--- SOURCE DATA ---
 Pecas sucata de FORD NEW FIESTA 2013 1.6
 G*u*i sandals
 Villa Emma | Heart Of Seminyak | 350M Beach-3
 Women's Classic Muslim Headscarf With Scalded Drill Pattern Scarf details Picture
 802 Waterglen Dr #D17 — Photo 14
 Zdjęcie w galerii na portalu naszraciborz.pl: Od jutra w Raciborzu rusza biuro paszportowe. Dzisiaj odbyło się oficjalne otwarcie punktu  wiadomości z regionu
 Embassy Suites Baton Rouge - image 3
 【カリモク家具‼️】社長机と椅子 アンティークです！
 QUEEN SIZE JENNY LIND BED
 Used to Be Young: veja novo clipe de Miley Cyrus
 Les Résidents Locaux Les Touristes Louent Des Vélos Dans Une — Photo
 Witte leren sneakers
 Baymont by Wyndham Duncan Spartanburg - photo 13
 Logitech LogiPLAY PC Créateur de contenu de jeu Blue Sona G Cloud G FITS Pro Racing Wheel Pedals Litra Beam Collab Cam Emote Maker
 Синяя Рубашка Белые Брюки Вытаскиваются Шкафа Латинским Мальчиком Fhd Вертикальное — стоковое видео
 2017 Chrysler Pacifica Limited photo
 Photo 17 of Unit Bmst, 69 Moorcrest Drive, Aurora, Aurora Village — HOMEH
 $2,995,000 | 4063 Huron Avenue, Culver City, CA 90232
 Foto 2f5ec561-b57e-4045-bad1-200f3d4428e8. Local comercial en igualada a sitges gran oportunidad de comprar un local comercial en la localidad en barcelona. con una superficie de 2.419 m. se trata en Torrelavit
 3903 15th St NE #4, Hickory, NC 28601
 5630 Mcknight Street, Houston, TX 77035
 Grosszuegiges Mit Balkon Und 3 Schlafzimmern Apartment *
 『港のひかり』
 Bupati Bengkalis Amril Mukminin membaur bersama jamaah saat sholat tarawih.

--- WHAT YOU SHOULD DO ---
Above are the records. Copy the lines beginning at the one that has "Baymont by Wyndham" and ending with the one that has "2017 Chrysler Pacifica Limited photo", unchanged.

--- RESPONSE TO THIS TASK ---
 Baymont by Wyndham Duncan Spartanburg - photo 13
 Logitech LogiPLAY PC Créateur de contenu de jeu Blue Sona G Cloud G FITS Pro Racing Wheel Pedals Litra Beam Collab Cam Emote Maker
 Синяя Рубашка Белые Брюки Вытаскиваются Шкафа Латинским Мальчиком Fhd Вертикальное — стоковое видео
 2017 Chrysler Pacifica Limited photo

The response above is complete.